Cataract-LMM establishes the largest, most structurally diverse foundation. 3,000 phacoemulsification videos acquired prospectively from expert and novice surgeons, deeply annotated to link spatial kinematics with objective clinical skill.

By integrating multi-layer annotations—temporal workflow, pixel-wise semantic parsing, continuous tracking geometries, and expert-adjudicated performance scores—we furnish the data necessary to train universal, multi-task models.

Hardware Heterogeneity

Acquisitions from two distinct centers forcefully introduce domain shifts for ML models:

  • S1
    Farabi Eye Hospital (n=2,930)
    Haag-Streit HS Hi-R NEO 900 · 720×480 @ 30fps
  • S2
    Noor Eye Hospital (n=70)
    ZEISS ARTEVO 800 · 1920×1080 @ 60fps

4 Annotation Tasks & Raw Data

Independently accessible, intricately linked annotation modules.

Task 1
150 Videos

Phase Recognition

Frame-wise temporal boundaries tracking 13 surgical phases. Captured stochastic workflow variations natively handled by Long-term dependency models like ASFormer.

Task 2
6,094 Frames

Instance Segmentation

Pixel-level polygons for 12 classes (10 instruments & 2 anatomies). Provided in both YOLO and COCO formats.

Task 3
170 Clips

Object Tracking

Spatiotemporal IDs and functional tip keypoints for 469,118 densely annotated frames.

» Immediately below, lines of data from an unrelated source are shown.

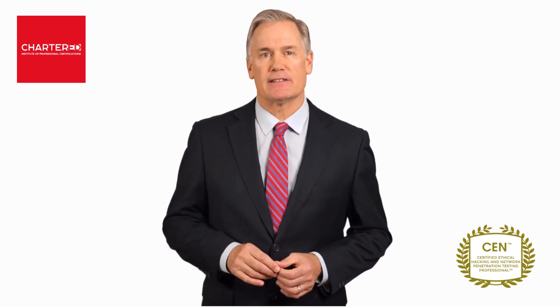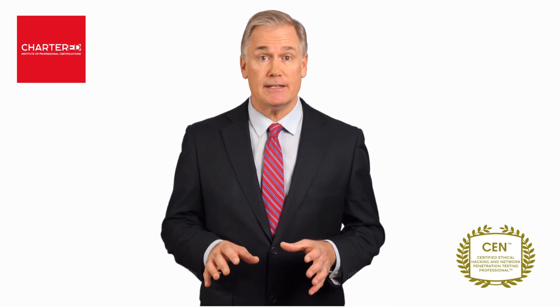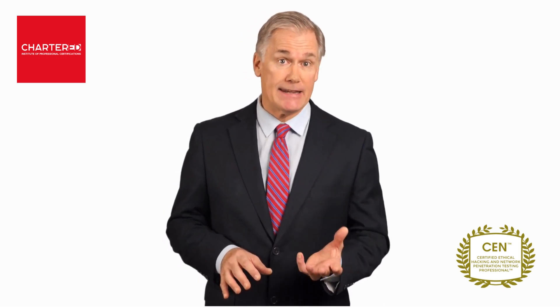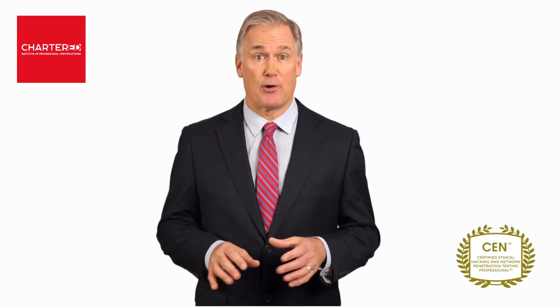Hi, my name is Steve Perrys. Together with my faculty director, we're going to show you everything you need to know about ethical hacking and network penetration testing. Here's what you'll learn and all the benefits to enrolling in our certified program today.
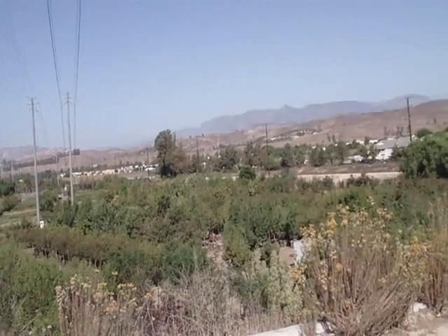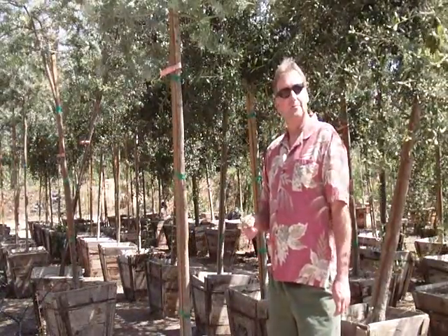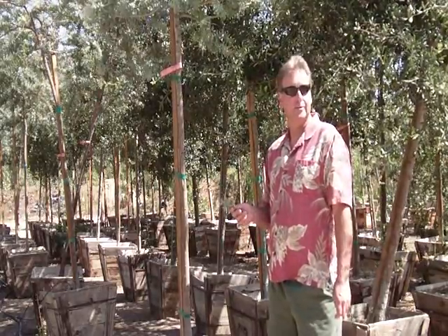Hi, my name is Alex and welcome to our nursery. Welcome to part two of our series of commonly asked questions by retail customers.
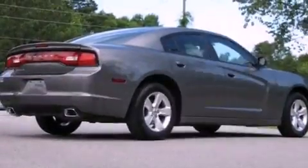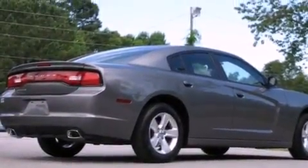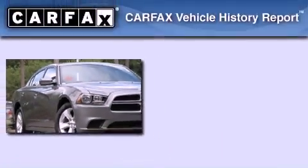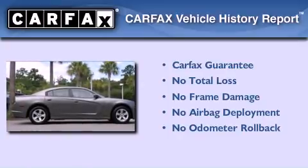With an EPA estimated rating of 27 miles per gallon on the highway, you won't be making frequent trips to the gas pumps. Not to mention that this Dodge qualifies for the Carfax buyback guarantee.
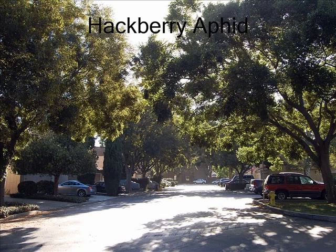The hackberry trees in this community are an asset for shade, cooling, and to create a better environment. Unfortunately, there's a new problem that has come around called the hackberry aphid that is making these trees more of a nuisance. My name is Blair Glenn. I'm an ISA certified arborist.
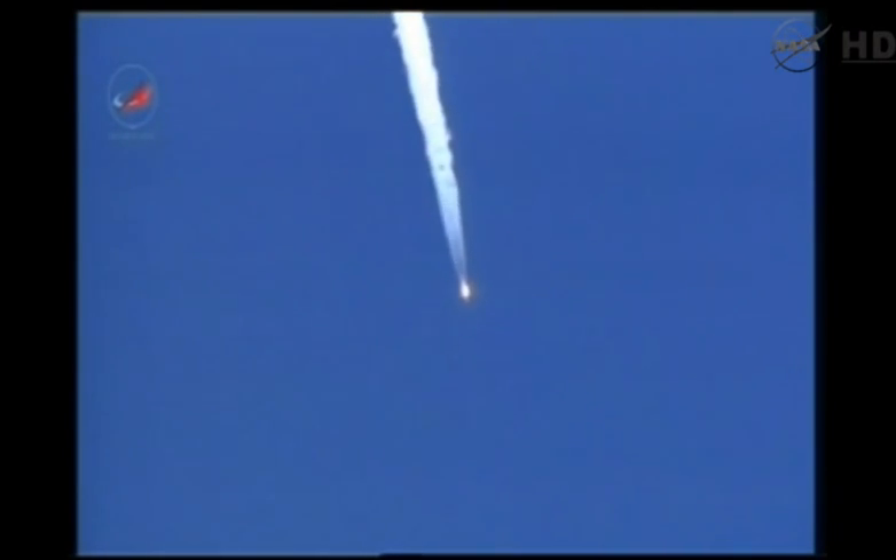Now passing through Max-Q, the Soyuz booster going supersonic. Coming up on the one and a half minute mark into the flight.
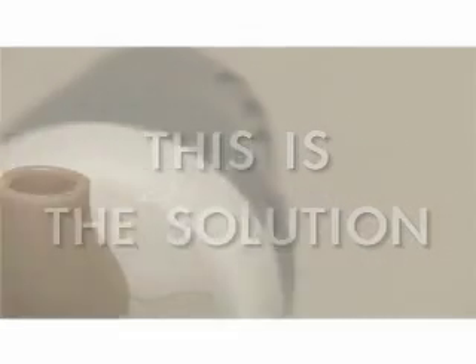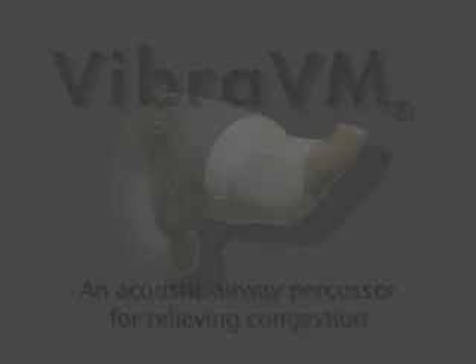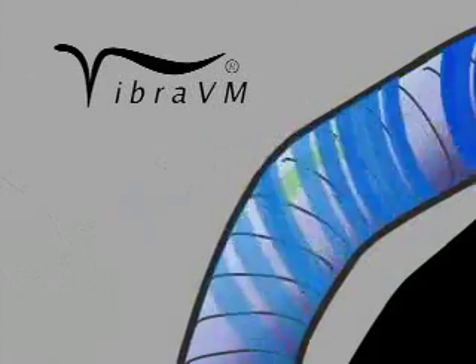Introducing the Vibra VM, an acoustic airway percussor for relieving congestion in horses. Using audible tones just like the ones your radio produces, but tuned to just the right frequencies, the Vibra VM vibrates the air in your animal's airway, resonating mucus and other congestion until it jiggles loose and can be sneezed or coughed up.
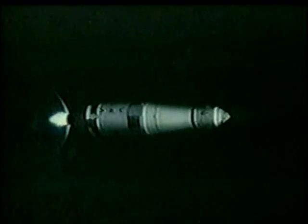A ullage burn is a burn that just imparts enough force to settle the propellants down toward the nozzle so they can be ignited and burned. In this flight, after launch and Earth orbit was achieved, this is the one that will determine whether they successfully get onto the road to the moon with the flight of Apollo 8. 30 seconds to TLI — Translunar Injection.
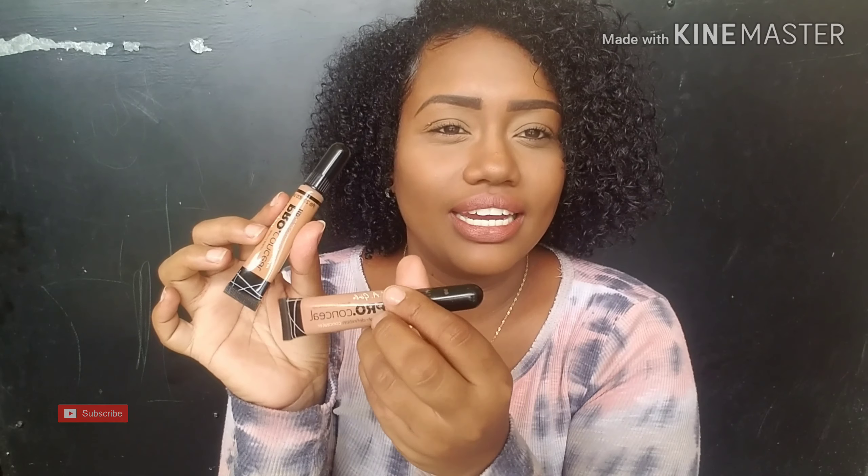I also got this Eligil Pro Concealer and the shade is Tuffy. Now I have used this before and I have it in the shade Arman. Hopefully you can see that the Arman is lighter than the one I just purchased, which is Tuffy. The Arman has a bit of a pink undertone, which I didn't really like too much on my face. But this one is more brown with a yellow undertone, so it works better for my under eye highlight. And this was $30.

Maps kinematic dynamics during Capsulorhexis.

Task 4
170 Ratings

Skill Assessment

Synchronized with Task 3. A 6-indicator rubric (GRASIS/ICO-OSCAR) rigorously adjudicated by expert surgeons.

Data Pool
SSL & VLP

Raw Unannotated

The full 3,000-procedure corpus acting as a knowledge base for Self-Supervised and Zero-Shot feature extraction.

Baseline Diagnostics

Technical validations computed across diverse deep learning architectures.

Phase Recognition (Video-Level)

Evaluating long-term temporal context processing across in-domain and out-of-domain architectures. DINO features prove superior for clinical domain generalization.

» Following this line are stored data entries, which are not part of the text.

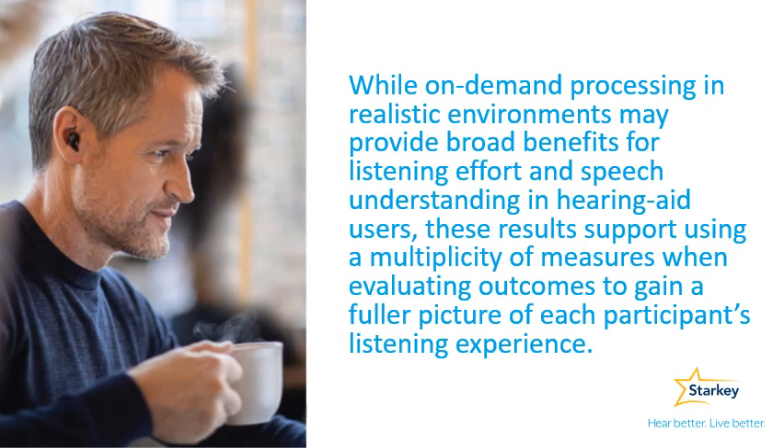To summarize, while on-demand processing in realistic environments may provide broad benefits for listening effort and speech understanding in hearing aid users, these results support using a multiplicity of measures when evaluating outcomes to gain a fuller picture of each participant's listening experience.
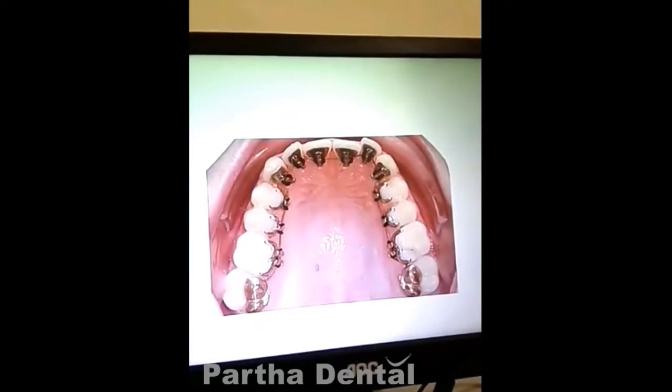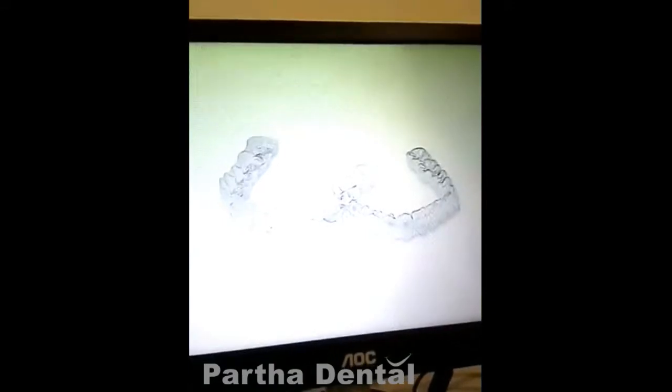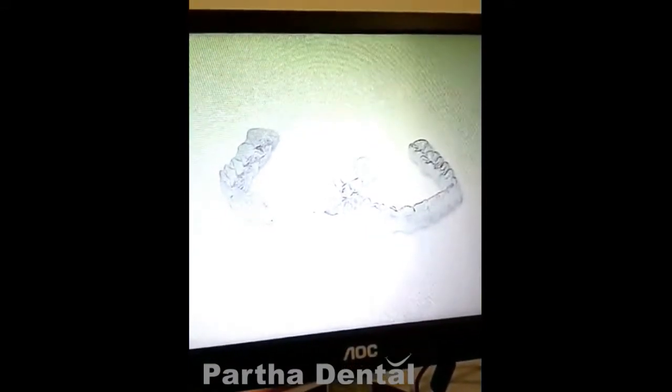We have done it, and we have the latest advanced technique called Invisalign. There is no color in this way.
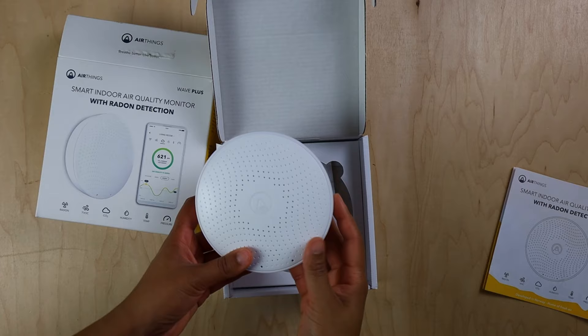AirThings, a Norwegian tech company, is educating and helping homeowners monitor their indoor air quality and radon levels with their range of sensors. They recently sent me a Wave Plus monitor to review.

Temporal Model Backbone In-Domain (F1) Out-of-Domain (F1)
ASFormer DINO 79.98% 67.87%
ASFormer ResNet50 74.61% 60.93%
MS-TCN (TeCNO) DINO 78.53% 61.60%

Instance Segmentation

Benchmarking supervised architectures against foundational Zero-Shot models. Fine-tuned domain knowledge significantly outperforms general foundation variants.

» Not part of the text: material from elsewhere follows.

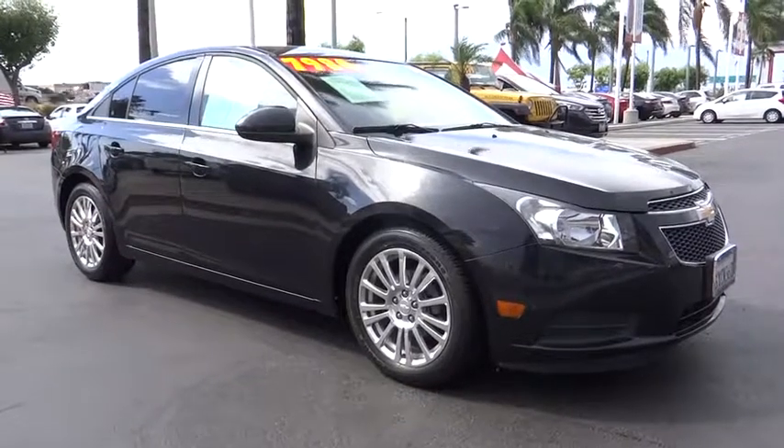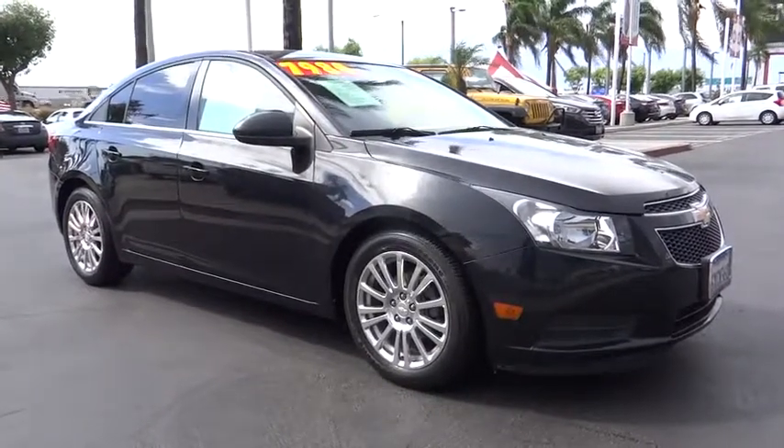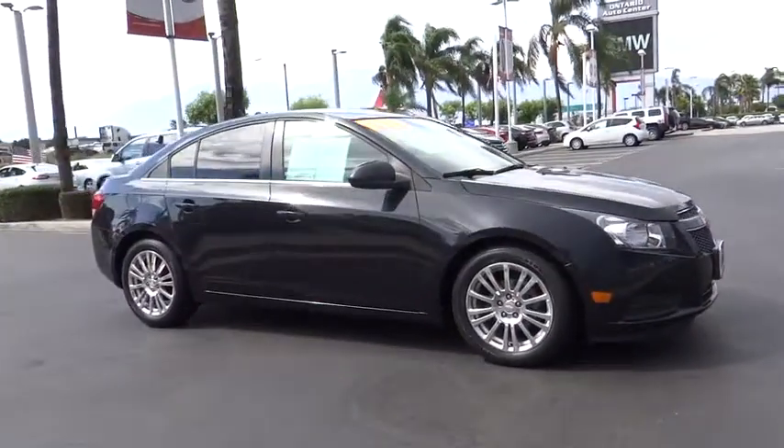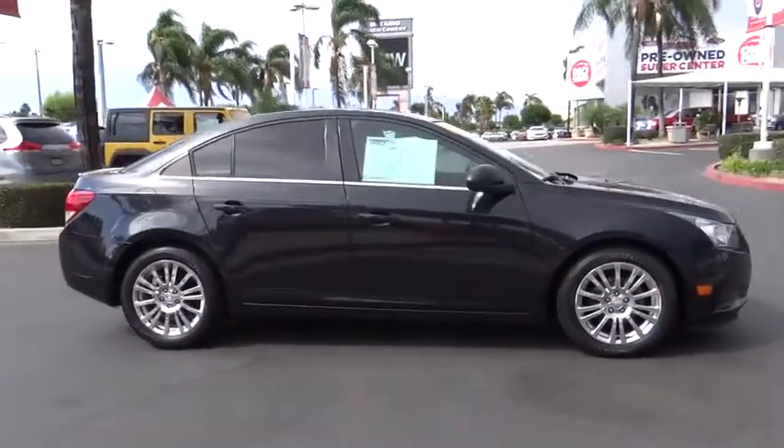The 2012 Chevrolet Cruze. The Cruze blueprint calls for more than you'd expect. This vehicle has less than 90,000 miles. Here are some of this vehicle's great options.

Model Architecture Type mAP (Overall) Tissue mAP
YOLOv11-L Supervised 73.9 83.4
Mask R-CNN Supervised 53.7 92.9
SAM-ViT-H Zero-Shot 56.0 63.1

Spatiotemporal Tracking

Capsulorhexis instrument tracking evaluation. Deep learning Siamese networks eliminate the massive failure rates seen in traditional OpenCV approaches.

Tracker Protocol Failure Rate Precision IoU
SiamBAN 0.00% 61.35% 74.65%
GradNet 0.00% 58.20% 31.60%
KCF (Traditional) 81.30% 6.40% 7.10%

Objective Skill Assessment

Binary classification (Expert vs. Novice) utilizing the continuous GRASIS/ICO-OSCAR numeric data. Transformers capture the spatio-temporal indicators of motion economy effectively.

Model Precision Recall Macro F1
TimeSformer 86.00% 82.00% 83.90%
R3D-18 82.35% 84.85% 83.58%
CNN-LSTM 70.97% 66.67% 68.75%
Stat Fact: Instrument travel distance drops ~5,800px per rating point.